The Maori wanted to know about the Pakeha's farming methods and other skills, and they welcomed Pakeha traders. The Pakeha population got bigger, and in 1840 the British queen, Victoria, suggestet to the Maori that Aotearoa should become a British colony. Maori chiefs were told that if they signed a treaty with the queen they would always be able to keep their lands, forests and fisheries. No one would take the Maori's lands away from them. Neither the British government nor the Maori knew how many settlers would soon be coming to Aotearoa (sent there by an organisation called New Zealand Company). So the Maori agreed to sign the Treaty of Waitangi. They thought it would be good to have the protection of the British queen, as their country was attracting many lawless adventurers to its coasts - traders, sailors hunting whales and seals, and runaway convicts from the prison colonies in Australia. As long as they could live according to their customs they did not mind having some Pakeha among them, especially useful traders and missionaries who brought with them new skills in crop-growing and in reading and writing.

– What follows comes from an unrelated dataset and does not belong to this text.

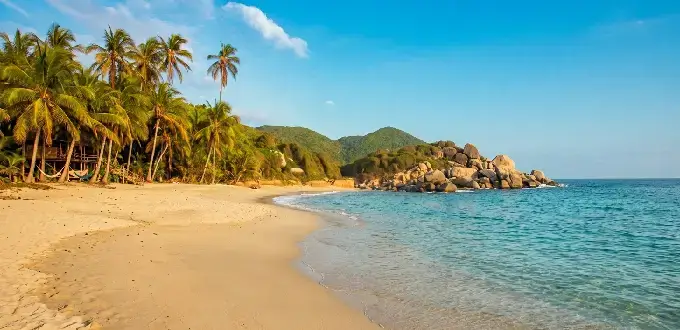 Playa tropical en el Parque Tayrona, Santa Marta, Colombia, con palmeras, mar Caribe y formaciones rocosas.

Since the first Pakeha settlers arrived the Maori have had to change their way of life drastically. Aotearoa was a land of forests, but the Pakeha cut the lowland forests down. They covered much of the country with European-style farms. They even introduced birds like blackbirds, thrushes and goldfinches, and animals such as rabbits and hedgehogs, to make New Zealand seem more like a European country and less like old Aotearoa. The beautiful Aotearoa has gone, replaced by a landscape that the Pakeha created to remind them of where they came from.